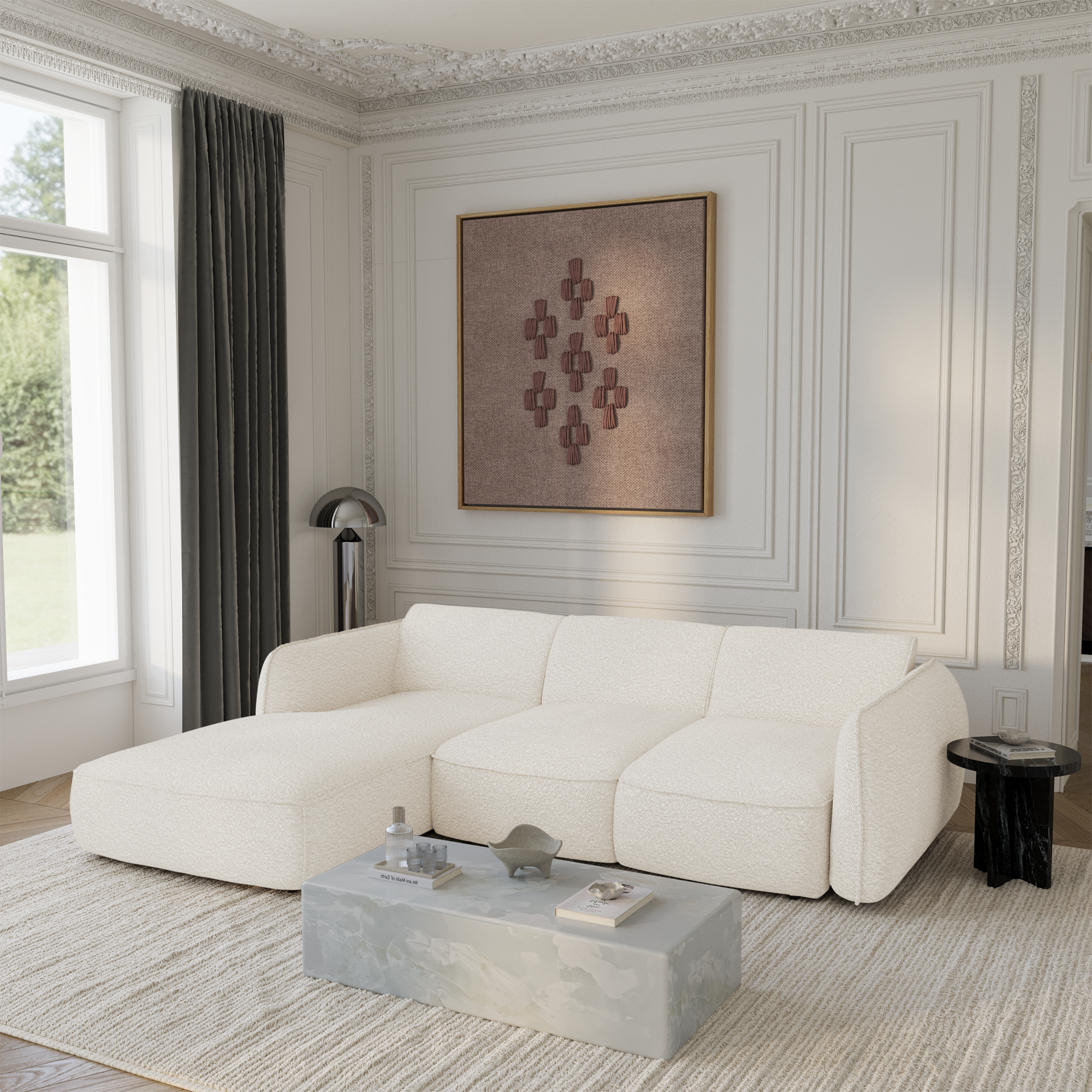 Sia Home Livia canapé d'angle convertible crème 274 cm
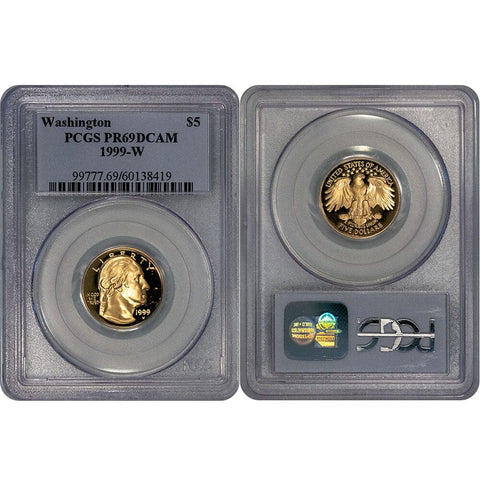 1999-W Proof Washington Bicentennial $5 Gold - PCGS PR 69 DCAM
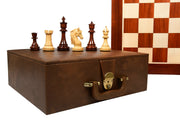 Combo of The French Warrior Luxury Chess Pieces in Bud Rose & Box Wood - 4.9" King with Wooden Chess Board and Storage Box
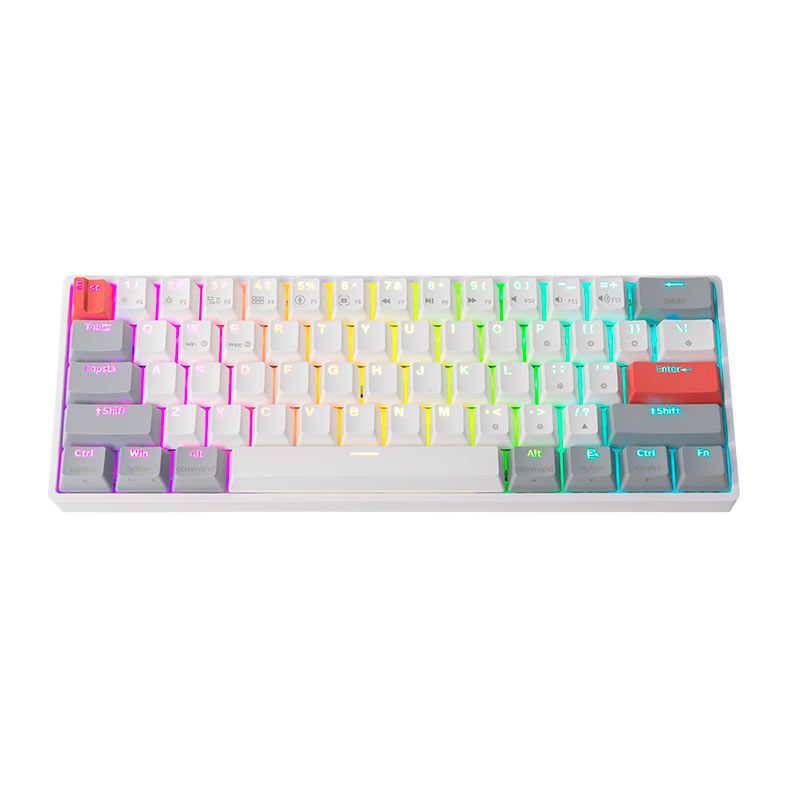 Teclado Mecanico Skyloong GK61, RGB, Switch Optico Marrom, Branco e Cinza, SKL-GK61-RGB-BW-WH-GY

__What is needed__: Nothing but the lines from the one holding "1999-W Proof Washington" through the last line of the listing should appear in the answer, copied exactly and without pictures.

__Answer for this exercise__:
 1999-W Proof Washington Bicentennial $5 Gold - PCGS PR 69 DCAM
 Combo of The French Warrior Luxury Chess Pieces in Bud Rose & Box Wood - 4.9" King with Wooden Chess Board and Storage Box
 Teclado Mecanico Skyloong GK61, RGB, Switch Optico Marrom, Branco e Cinza, SKL-GK61-RGB-BW-WH-GY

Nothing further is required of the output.